Lors de la plénière de la Constituante tenue mardi au Bardo, un point de divergence a opposé le groupe du Mouvement islamiste Ennahdha
et les autres groupes. Il s’agit du point relatif à l’adoption du référentiel des formations politiques de la Constituante comme source de législation et d’élaboration des lois.
Pour Sahbi Atig (Ennahdha), la Constitution doit être basée sur les principes islamiques pour garantir la réconciliation entre l’identité du peuple et les lois qui le régissent.
« L’idée de séparation du politique et du religieux est étrangère à l’Islam », a-t-il justifié, considérant l’Islam comme « une croyance, une conviction et une manière de gérer la vie sociale et les relations entre individus ».
« La Constitution doit réaffirmer l’appartenance arabo-musulmane de la Tunisie.

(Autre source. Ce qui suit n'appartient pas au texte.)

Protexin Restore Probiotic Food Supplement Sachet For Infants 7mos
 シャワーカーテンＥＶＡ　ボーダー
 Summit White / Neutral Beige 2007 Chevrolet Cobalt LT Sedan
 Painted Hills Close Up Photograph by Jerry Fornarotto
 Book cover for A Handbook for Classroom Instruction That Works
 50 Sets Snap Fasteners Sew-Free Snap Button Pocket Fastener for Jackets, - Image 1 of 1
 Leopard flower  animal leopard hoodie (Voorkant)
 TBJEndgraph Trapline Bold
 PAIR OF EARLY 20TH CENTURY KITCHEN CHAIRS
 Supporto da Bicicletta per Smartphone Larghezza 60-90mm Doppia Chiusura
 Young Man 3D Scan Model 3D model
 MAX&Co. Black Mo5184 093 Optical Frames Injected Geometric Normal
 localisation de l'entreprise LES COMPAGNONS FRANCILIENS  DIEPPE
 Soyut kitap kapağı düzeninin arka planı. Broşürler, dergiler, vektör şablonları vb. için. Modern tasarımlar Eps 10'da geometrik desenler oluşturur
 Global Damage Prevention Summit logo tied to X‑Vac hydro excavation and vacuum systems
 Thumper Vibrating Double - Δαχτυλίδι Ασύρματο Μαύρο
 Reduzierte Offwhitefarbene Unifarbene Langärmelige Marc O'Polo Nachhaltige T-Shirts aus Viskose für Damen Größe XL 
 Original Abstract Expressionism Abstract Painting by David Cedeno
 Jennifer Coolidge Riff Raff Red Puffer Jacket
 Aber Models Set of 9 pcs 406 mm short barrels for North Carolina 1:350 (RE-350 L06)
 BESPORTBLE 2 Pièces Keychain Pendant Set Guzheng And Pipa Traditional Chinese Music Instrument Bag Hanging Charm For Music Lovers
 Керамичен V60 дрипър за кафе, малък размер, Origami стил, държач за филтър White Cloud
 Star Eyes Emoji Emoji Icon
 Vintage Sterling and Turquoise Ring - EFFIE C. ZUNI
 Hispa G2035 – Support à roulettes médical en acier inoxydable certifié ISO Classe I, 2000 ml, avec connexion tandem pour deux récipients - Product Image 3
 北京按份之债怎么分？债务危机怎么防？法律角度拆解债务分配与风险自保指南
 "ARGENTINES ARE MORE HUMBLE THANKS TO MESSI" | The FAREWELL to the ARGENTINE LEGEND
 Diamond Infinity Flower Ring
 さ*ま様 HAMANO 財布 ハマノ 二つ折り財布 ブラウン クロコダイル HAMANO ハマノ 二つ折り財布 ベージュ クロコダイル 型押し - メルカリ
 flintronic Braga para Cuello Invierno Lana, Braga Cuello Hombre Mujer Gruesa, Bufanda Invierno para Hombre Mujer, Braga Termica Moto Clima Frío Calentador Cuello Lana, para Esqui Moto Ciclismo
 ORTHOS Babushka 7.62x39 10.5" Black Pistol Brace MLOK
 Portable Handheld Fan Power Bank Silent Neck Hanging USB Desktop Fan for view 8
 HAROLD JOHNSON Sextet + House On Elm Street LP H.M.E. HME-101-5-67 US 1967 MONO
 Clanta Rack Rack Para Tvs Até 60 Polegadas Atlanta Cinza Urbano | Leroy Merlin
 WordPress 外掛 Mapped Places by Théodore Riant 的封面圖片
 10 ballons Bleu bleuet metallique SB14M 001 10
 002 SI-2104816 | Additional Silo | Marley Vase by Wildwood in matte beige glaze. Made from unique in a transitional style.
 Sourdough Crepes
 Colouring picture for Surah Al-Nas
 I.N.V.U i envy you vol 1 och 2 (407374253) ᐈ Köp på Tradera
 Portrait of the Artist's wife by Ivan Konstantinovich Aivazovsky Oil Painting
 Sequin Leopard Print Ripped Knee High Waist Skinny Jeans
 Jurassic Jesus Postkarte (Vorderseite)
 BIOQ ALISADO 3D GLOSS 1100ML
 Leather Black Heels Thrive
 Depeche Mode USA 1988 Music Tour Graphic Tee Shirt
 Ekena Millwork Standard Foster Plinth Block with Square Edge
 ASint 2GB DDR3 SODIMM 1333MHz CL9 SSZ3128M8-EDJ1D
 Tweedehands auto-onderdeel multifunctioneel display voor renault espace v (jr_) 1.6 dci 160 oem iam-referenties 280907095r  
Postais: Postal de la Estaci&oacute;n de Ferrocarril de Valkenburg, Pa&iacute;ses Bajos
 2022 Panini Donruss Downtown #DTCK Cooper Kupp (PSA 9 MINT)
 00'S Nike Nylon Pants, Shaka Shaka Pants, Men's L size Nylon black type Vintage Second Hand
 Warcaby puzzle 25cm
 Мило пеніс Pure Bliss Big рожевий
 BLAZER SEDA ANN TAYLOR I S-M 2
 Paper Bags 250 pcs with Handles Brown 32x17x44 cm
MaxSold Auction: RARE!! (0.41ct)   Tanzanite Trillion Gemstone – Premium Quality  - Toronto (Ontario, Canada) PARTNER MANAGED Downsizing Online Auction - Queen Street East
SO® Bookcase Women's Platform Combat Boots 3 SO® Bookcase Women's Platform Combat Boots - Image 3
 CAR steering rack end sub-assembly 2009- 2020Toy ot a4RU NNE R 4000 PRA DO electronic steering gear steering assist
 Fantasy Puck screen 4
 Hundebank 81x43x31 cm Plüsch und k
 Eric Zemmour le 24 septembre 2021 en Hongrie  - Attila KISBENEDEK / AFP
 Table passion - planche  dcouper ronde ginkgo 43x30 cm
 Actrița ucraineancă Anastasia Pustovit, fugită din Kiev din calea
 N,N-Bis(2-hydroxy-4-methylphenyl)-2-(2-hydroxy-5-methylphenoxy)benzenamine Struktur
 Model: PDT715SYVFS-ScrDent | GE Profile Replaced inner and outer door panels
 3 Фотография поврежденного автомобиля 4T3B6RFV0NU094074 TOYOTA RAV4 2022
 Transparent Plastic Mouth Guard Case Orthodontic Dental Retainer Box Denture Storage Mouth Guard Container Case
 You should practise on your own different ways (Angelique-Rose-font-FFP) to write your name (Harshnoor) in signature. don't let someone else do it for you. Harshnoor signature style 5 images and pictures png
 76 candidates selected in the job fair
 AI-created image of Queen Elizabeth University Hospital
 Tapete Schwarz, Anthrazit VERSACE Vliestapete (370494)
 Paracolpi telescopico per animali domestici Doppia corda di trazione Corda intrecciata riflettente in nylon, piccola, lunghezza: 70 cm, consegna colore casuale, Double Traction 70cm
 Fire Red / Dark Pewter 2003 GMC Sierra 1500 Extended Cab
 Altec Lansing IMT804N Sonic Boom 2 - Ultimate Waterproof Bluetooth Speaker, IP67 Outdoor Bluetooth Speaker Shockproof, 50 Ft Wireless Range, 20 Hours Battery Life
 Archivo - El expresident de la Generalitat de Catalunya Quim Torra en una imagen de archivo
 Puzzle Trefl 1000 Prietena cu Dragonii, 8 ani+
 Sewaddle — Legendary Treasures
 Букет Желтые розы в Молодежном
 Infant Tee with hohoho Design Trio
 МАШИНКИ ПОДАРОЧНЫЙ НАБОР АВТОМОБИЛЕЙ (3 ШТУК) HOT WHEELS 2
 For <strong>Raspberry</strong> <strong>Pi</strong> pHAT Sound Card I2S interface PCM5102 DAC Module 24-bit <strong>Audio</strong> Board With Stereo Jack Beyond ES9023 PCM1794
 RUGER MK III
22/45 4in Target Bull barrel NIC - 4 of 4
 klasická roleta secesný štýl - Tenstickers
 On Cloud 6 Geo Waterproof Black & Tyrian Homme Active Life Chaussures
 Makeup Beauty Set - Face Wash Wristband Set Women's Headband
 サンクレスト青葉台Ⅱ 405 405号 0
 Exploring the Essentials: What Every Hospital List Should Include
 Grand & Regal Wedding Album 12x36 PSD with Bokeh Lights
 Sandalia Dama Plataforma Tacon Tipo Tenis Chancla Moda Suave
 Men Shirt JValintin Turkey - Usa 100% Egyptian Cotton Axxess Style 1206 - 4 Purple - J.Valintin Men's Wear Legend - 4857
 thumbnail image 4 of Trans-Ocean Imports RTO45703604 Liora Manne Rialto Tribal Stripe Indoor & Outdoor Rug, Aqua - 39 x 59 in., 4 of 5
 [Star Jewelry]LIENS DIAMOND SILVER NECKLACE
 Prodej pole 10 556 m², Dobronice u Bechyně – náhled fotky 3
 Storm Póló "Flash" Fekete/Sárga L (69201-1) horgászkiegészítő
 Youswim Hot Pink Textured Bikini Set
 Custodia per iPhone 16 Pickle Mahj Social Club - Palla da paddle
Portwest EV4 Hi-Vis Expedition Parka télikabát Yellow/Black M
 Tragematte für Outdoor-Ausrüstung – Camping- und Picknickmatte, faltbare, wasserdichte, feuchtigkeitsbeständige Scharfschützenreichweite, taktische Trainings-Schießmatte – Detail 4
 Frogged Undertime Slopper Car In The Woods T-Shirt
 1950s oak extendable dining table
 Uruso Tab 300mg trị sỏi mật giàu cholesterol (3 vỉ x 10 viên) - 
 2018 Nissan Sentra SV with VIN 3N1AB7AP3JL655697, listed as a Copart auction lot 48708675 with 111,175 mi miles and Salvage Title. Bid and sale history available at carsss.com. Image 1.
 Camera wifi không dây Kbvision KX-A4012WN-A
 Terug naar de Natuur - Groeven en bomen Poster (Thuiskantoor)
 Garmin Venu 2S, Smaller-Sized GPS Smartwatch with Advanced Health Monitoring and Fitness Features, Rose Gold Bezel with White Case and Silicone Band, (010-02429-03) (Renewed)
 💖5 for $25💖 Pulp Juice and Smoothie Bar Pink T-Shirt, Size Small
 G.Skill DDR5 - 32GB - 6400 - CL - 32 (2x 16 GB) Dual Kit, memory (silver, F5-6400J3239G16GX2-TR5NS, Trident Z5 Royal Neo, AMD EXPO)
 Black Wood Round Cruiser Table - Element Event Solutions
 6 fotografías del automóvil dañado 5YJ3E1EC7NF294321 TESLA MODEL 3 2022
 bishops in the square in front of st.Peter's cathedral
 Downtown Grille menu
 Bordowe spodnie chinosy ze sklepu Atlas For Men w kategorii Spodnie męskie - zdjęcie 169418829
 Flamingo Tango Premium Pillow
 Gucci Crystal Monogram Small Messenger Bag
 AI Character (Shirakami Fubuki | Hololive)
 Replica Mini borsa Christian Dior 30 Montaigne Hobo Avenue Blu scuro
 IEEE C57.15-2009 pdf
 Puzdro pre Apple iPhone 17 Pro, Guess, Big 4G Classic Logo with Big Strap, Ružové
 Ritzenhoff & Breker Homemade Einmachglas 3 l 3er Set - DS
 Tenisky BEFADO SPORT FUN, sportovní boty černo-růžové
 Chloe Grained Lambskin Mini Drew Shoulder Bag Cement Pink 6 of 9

Le texte de la Constitution ne doit pas contenir des dispositions contraires au Coran et à la Sunna », a ajouté l’élu d’Ennahdha, précisant que son parti propose de s’inspirer, en plus du référentiel de l’Islam, des principes universels, du réformisme tunisien et des acquis humanitaires en tant que sources de législation.
Mouldi Riahi (Ettakatol) a exprimé sa crainte que l’institution de la charia comme source principale de législation ne donne lieu à des surenchères que la société peut éviter.
Il a proposé de se limiter à l’article premier de la Constitution de 1959 qui fait l’objet « d’un consensus entre toutes les parties », appelant à inscrire dans la Constitution, le respect de la liberté de conscience, de la protection des lieux de culte et de la garantie de leur neutralité.
D’autres points de discordes sont apparus entre les groupes parlementaires sur la nature du système politique entre ceux qui appellent à l’adoption d’un système parlementaire unicaméral (Ennahdha) ou un régime mixte, mi-parlementaire, mi-présidentiel (CPR) ou un régime présidentiel modifié (Ettakatol).